**RECORD SET:**

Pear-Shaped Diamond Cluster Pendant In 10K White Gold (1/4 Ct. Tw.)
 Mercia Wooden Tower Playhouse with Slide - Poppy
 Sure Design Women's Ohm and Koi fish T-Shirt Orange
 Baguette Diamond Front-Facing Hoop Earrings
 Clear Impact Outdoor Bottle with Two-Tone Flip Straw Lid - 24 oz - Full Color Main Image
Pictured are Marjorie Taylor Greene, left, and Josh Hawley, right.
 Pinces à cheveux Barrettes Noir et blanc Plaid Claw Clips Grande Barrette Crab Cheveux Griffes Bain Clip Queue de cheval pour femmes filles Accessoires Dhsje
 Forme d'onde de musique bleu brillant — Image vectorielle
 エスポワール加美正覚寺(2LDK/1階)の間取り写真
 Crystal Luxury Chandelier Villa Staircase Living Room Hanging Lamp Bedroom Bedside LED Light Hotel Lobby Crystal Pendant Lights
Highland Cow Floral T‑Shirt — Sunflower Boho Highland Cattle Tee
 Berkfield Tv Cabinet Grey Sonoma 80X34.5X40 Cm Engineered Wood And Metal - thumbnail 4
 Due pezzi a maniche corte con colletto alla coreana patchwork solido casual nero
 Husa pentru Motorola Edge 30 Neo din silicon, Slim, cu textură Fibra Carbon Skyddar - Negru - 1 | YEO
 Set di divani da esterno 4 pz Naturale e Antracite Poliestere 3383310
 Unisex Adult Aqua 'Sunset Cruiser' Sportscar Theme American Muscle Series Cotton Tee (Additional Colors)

**INSTRUCTIONS FOR THE TASK:**
Only this range is to be output: the line that contains "Berkfield Tv Cabinet" through the last line of the records above, both inclusive.

**WRITTEN SOLUTION:**
 Berkfield Tv Cabinet Grey Sonoma 80X34.5X40 Cm Engineered Wood And Metal - thumbnail 4
 Due pezzi a maniche corte con colletto alla coreana patchwork solido casual nero
 Husa pentru Motorola Edge 30 Neo din silicon, Slim, cu textură Fibra Carbon Skyddar - Negru - 1 | YEO
 Set di divani da esterno 4 pz Naturale e Antracite Poliestere 3383310
 Unisex Adult Aqua 'Sunset Cruiser' Sportscar Theme American Muscle Series Cotton Tee (Additional Colors)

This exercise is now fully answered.